Two therapists and four children were enrolled in this study. The children will be identified as PC, PV, PT, and PR. They are all associated with ASPACE, in which we could conduct the experiment in a 100-square-meter hall with scarce furniture and architectural elements.

PC is a 10-year-old boy with spastic tetraparesis affecting all four limbs (both upper and lower) and GMFCS IV. He experiences epileptic seizures that were previously controlled, but have become more frequent recently, leading to a neurological review to adjust medication. He has good language comprehension but difficulty articulating words; he is currently working on this aspect through Alternative and Augmentative Communication (AAC) using a communicator.

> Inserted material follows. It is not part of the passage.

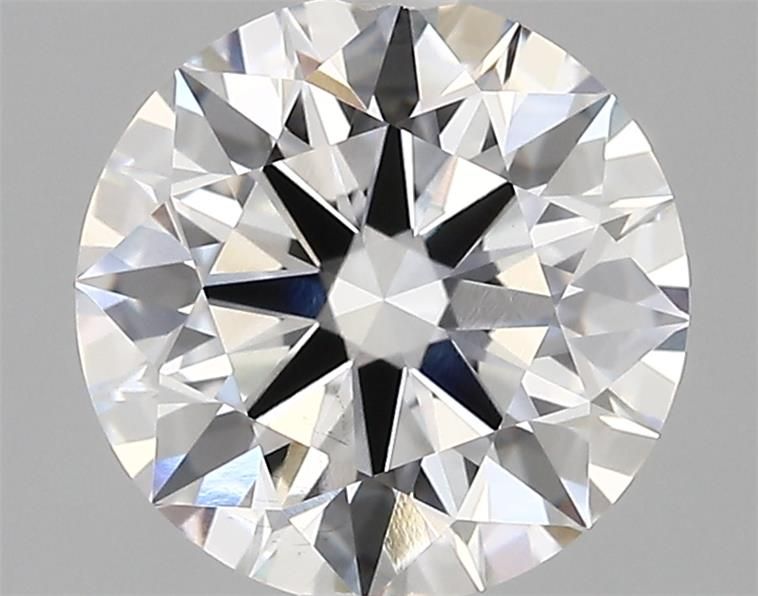 2.75ct Round D VS1 Lab-Grown Diamond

PV is a 10-year-old girl suffering from spastic tetraparesis with bilateral right-sided involvement, affecting both upper and lower limbs, but with good functionality in the left upper limb and GMFCS IV. She has uncontrolled epileptic seizures and behavioral problems that affect her learning. Currently, she is working on Alternative and Augmentative Communication (AAC) therapy using a communicator.

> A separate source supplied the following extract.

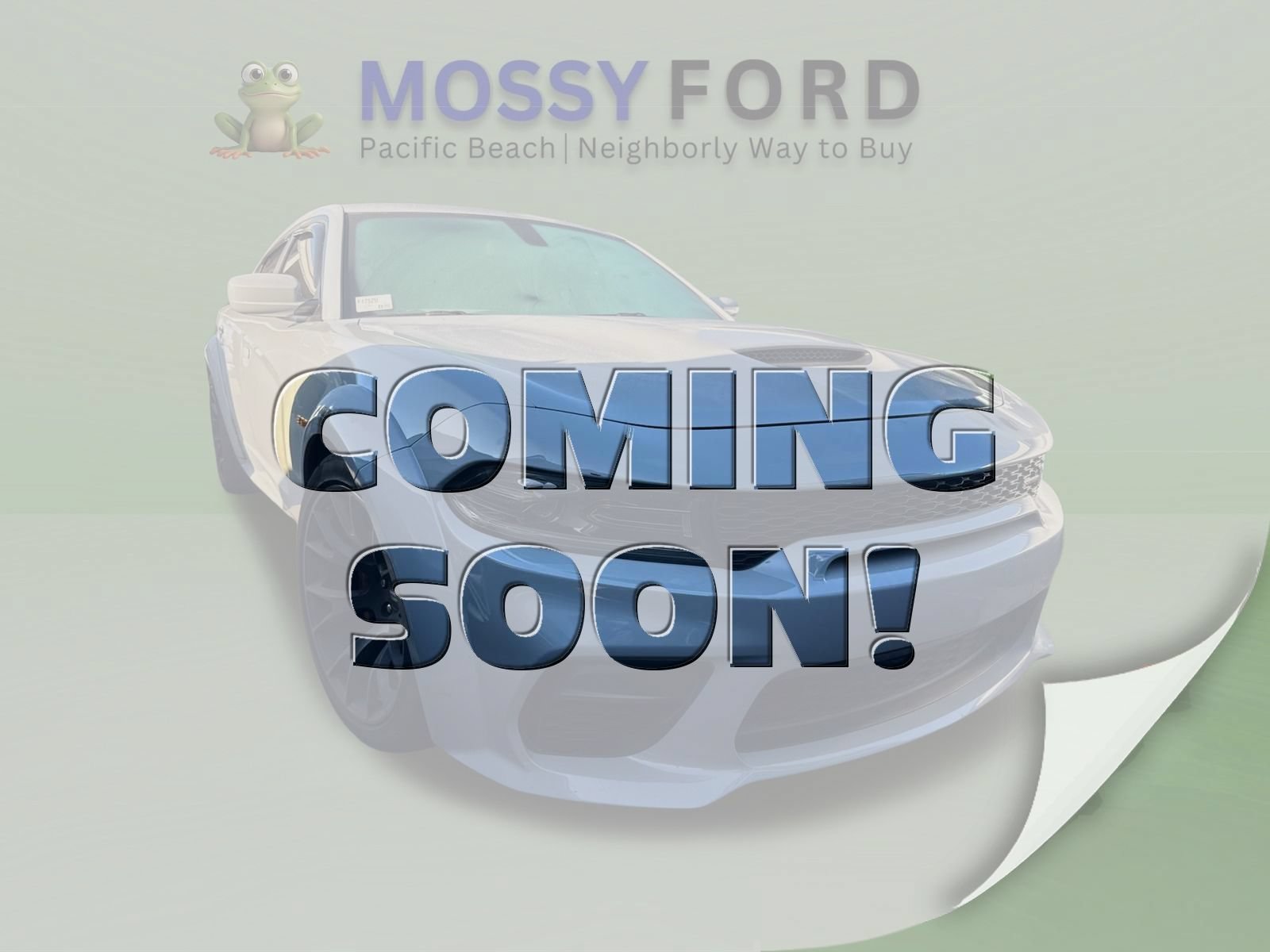Used 2022 Dodge Charger Scat Pack RWD image 1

PR is a 5-year-old boy. The probable genetic origin is not yet diagnosed; tests are still being conducted. To date, it is consistent with cerebral palsy. He has hypertonia of the limbs (greater involvement of the lower limbs) and GMFCS IV. He has severe to moderate intellectual disability.

PT is a 9-year-old boy with spastic tetraparesis affecting all four limbs (both upper and lower) and GMFCS IV. Cognitively, he is very well connected to his environment, with a very good level of language comprehension, although he has difficulties expressing himself and is working on this through a communicator.

As described above, all participants have a high level of disability, which limits their ability to communicate verbally and to manipulate devices such as tablets and computers. They interact with these devices using adapted tools, such as buttons.

2.3. Design

Therapists completed the SUS questionnaire (Appendix A), along with supplementary questions (Appendix B), after the seventh session to evaluate the mobility platform. The supplementary questionnaire included two 5-point Likert scale questions assessing the platform’s potential to enhance social skills, as well as two open-ended questions regarding suggested improvements.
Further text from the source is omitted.